ロシアによるウクライナ軍事侵攻 2か月 長期化の懸念も

ロシアによるウクライナへの軍事侵攻から24日で2か月となり、プーチン大統領は旧ソビエトが第2次世界大戦でナチス・ドイツに勝利した来月の「戦勝記念日」に向け、ウクライナの東部や南部でロシア軍による攻勢を強めています。

これに対し、ウクライナ側は欧米からの軍事支援も受けて徹底抗戦する構えで、戦闘が長期化する懸念も出ています。

ロシアがウクライナに軍事侵攻してから24日で2か月となります。

ロシア軍は首都キーウの早期掌握を断念したあと東部での作戦を強化していて、21日には要衝のマリウポリを掌握したと宣言しました。

ロシア軍は作戦が「第2段階」に入ったとして、大規模な戦闘に向けた部隊の移動を進めていて、ロシア国防省は23日、東部各地をミサイルなどで攻撃したと発表しました。

また、ロシア国防省は南部の港湾都市オデーサ近郊の軍用飛行場をミサイルで攻撃し、欧米側から供与された兵器を破壊したとしています。

この攻撃について、オデーサのトゥルハノフ市長は生後3か月の女の子を含む8人の死亡が確認されたとSNS上で明らかにしました。

このほか、南部ヘルソン州や南東部ザポリージャ州では、ロシアが併合に向けた「住民投票」を準備しているとウクライナ側が指摘しています。

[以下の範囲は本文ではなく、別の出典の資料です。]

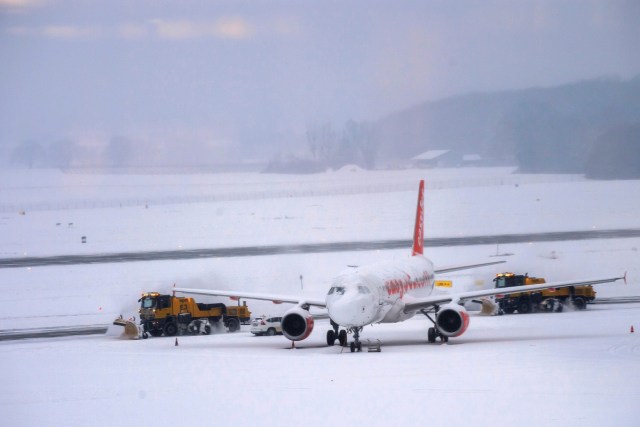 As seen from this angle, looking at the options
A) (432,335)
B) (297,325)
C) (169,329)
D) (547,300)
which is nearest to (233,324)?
(169,329)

プーチン大統領は旧ソビエトが第2次世界大戦でナチス・ドイツに勝利した来月9日の「戦勝記念日」に向け、今回の軍事侵攻の成果をロシア国民に印象づけたい思惑があるとされ、東部2州を完全掌握し、ロシアが一方的に併合した南部クリミアにかけての地域を支配下に置くことをねらっているとみられます。

これに対し、ウクライナ側は欧米からの軍事支援も受けてマリウポリを含む東部や南部で徹底抗戦する構えで、ゼレンスキー大統領は22日「私たちの声を聞き入れ、求めたものを提供してくれたすべてのパートナーに感謝する」と述べ、欧米との結束を強調しました。

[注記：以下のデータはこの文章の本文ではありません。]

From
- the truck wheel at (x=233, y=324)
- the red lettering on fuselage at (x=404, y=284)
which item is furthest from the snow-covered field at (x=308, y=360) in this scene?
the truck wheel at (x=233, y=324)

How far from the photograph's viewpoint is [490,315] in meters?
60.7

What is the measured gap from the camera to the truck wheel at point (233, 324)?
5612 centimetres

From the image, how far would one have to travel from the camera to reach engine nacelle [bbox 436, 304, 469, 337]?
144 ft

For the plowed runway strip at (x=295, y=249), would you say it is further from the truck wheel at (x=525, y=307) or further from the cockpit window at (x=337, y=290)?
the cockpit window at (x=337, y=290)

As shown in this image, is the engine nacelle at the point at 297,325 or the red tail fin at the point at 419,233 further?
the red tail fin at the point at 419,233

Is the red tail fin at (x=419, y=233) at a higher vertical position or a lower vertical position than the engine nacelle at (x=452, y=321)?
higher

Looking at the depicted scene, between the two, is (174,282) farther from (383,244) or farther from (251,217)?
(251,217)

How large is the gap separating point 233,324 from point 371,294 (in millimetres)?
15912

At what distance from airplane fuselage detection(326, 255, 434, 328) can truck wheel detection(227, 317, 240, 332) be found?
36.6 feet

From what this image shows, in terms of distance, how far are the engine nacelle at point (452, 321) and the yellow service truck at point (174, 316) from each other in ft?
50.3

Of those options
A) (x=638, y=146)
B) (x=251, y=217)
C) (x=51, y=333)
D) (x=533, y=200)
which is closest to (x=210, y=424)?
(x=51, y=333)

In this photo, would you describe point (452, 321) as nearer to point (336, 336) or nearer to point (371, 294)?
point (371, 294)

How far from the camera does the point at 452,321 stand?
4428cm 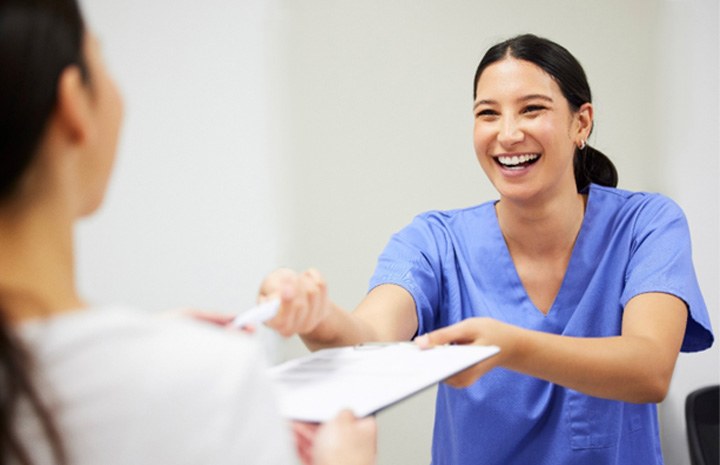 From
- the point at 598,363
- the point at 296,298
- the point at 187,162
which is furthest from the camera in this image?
the point at 187,162

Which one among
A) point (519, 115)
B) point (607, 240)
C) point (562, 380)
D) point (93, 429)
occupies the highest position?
point (519, 115)

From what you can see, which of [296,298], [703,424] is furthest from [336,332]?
[703,424]

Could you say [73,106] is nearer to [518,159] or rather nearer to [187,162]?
[518,159]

侵攻が始まってからアメリカ政府による軍事支援は合わせておよそ34億ドル、日本円でおよそ4300億円に上っているほか、26日にはドイツで今後の軍事支援などについて関係国と協議する予定で、アメリカ国防総省のカービー報道官は「ロシアの攻勢に直面するウクライナ軍を支援するためあらゆる手段をとり続ける」としています。

一方、ロシアとウクライナの停戦交渉はウクライナの「中立化」などをめぐって合意文書の草案のやり取りが続いているとみられますが、話し合いは大きく停滞しています。

こうした中、国連のグテーレス事務総長が26日にロシアでプーチン大統領と、28日にはウクライナでゼレンスキー大統領とそれぞれ会談する予定で、現状の打開につながるのか注目されています。

ただ、プーチン大統領は軍事侵攻をやめる兆しを見せておらず、戦闘が長期化する懸念も出ています。